** ASSIGNMENT **
Return, from the lines below, each one that includes the word "Volkswagen".

** EXCERPTED DATA **
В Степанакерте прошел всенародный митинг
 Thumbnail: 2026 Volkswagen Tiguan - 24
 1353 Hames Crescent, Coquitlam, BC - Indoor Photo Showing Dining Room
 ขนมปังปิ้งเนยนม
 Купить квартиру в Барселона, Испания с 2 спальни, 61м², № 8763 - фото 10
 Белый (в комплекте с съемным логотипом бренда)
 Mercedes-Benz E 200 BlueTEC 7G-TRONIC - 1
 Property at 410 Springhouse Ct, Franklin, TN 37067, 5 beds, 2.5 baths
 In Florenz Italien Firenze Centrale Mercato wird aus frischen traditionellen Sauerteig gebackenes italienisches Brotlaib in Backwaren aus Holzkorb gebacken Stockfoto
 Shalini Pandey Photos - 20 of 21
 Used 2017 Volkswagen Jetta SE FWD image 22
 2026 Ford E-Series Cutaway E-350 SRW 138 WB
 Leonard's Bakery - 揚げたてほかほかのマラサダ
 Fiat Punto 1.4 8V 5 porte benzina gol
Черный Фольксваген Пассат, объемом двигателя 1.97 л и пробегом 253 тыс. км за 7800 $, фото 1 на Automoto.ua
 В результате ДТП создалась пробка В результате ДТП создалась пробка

** TASK SOLUTION **
 Thumbnail: 2026 Volkswagen Tiguan - 24
 Used 2017 Volkswagen Jetta SE FWD image 22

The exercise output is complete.